Estağfirullah efendim, öncelikle sizinde tabirinizle eleştiriniz için teşekkür ediyorum. Cümleme şöyle başlamak isterim, kullandığım arapça kelimeleri tümcelere uyarlıyormuşum. İlk olarak, onlar kelime değil ismimin baş harfleri. Orada Kullanma sebebim ise (ki bunu sık sık yapmıyorum, iletinin kendime ait olma sebebi) şimdi gelelim asıl mevzuya, arapçaya... Madem güzel vatanımızın tarihine ineceğiz; evet Yunus Emreler, Karacaoğlanlar varken bir öğretmenden ziyade bir insan olarak yaşadığım ve her geçen gün bu topraklarda doğmuş olmanın şükründe olan bir vatandaş olarak, niçin arapça kullanıyorum bunu açıklamak isterim. Şahsıma ait bir fikir size göre uygun da olmayabilir.
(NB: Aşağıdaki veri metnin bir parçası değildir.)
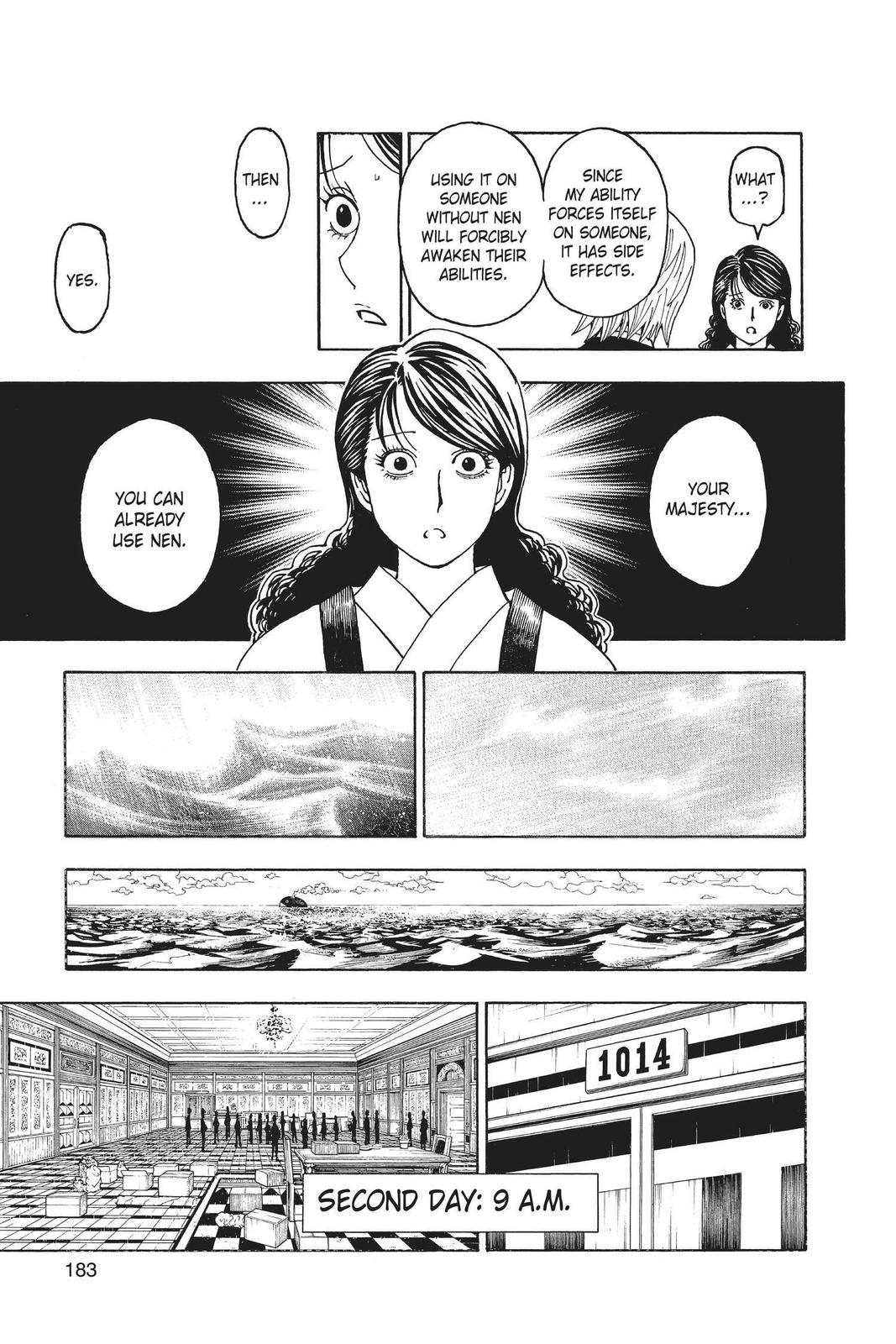 Hunter x Hunter Chapter 369 — page 14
Osman Gazinin kurduğu Osmanlıdan, Fatihin fethettiği İstanbula kadar, bu topraklar bir çok anıyla dolu... Hal böyleyken Ecdadın bıraktığı eserleri nasıl anlayacağım, ecdadın mezar taşlarını okuyamayan ne yazdığını bilmeyen bir nesil geliyorken üç beş sene sonra ecdadtan bize bırakılan değerleri nasıl anlayacağız. Ülkemizin her köşesi tarihi bir olaya ev sahipliği yaparken ülkesinin tarihini bilmeden yaşamak, bir vatandaş olarak ne kadar doğru. Zira bu toprakları kolay kazanmadık. Fatihinden Süleymanından Abdülhamitine kadar o ruhu, o vatan sevgisini, bıraktığı mirasları, değerleri bugün sırf bir dil için öğrenmezsek yarın bu vatana nasıl sahip çıkacağız. Acizane bir eğitimci olarak ben ülkemi tanımazsam nasıl anlatırım. Gençlerimizi nasıl bir geleceğe götürürüm. Değerlerine vakıf olmayan bir nesil ne kadar bilir elindekinin kıymetini...
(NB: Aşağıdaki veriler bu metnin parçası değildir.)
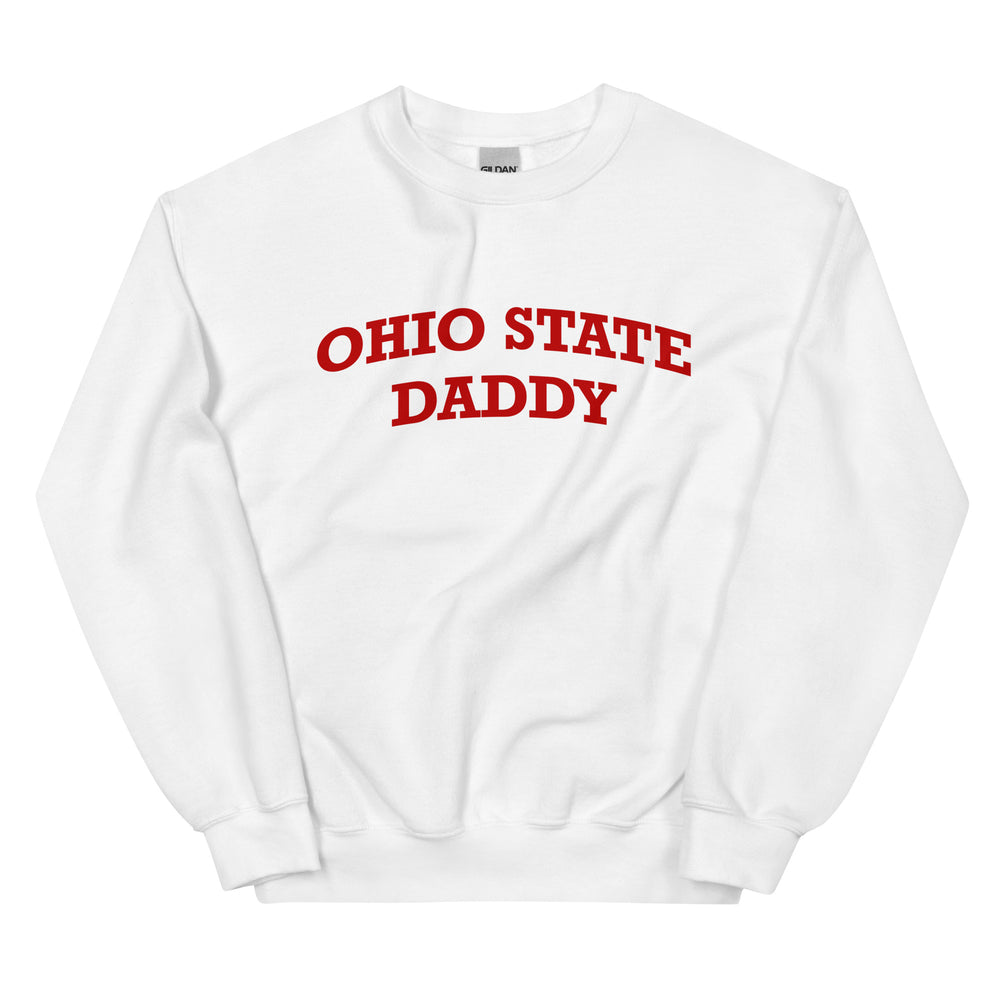 
                
                    Load image into Gallery viewer, Ohio State Daddy OSU Sweatshirt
Bugün nefes alabiliyorsam, kar kış demeden vatanı için gerek sınırda gerek sahada gerekte masada nöbet tutan gece gündüz demeden ülkesi için çalışan evlatlarımızın, kardeşlerimizin sayesinde değil midir? Onlar ne uğruna uykusuz kalıyorlar... Vatanperverlik duygusunu yaşamayan toplum, tarihte yok olmaya mahkumdur.
Bizim gönül coğrafyamızın sınırları bize çizilenden çok ötede, bizler bu ülkenin vatandaşları olarak ayrımcılık yapmadan, Yunus Emrenin tabiriyle sevgiyle gönüller yaparak gönüller fethetmeliyiz.. Cenabı Hak rahmet eylesin her birilerine. Ülkemizin bekâsı için canını ortaya koyan vatan evlatlarına dua ediyoruz. Son olarak:
Öyle güzel yere değindiniz ki; Yunus Emrenin bir sözü benim acizane insan olarak düsturumdur: Ben gelmedim dava için benim işim sevi için
Dost'un evi gönüllerdir, gönüller yapmaya geldim..
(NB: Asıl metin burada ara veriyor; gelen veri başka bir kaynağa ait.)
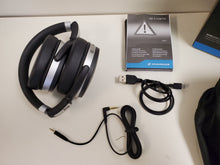 Load image into Gallery viewer, Sennheiser HD 4.50 BTNC Bluetooth Wireless Headphones - Black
Hakiki ilim, gönüllere yerleşen ve hiç bir suretle tebdil ve tağyire uğramayan gönüllere verilendir..
Allahım merhametli, şefkatli, erdemli gençler yetiştirebilmeyi nasip eylesin. İnanıyorum ki, çocuklarımızın toprağında büyüyen çiçekler güzelleştirecek dünyayı...
Kusurumuz olduysa affola naçizane yanıt vermek istedim.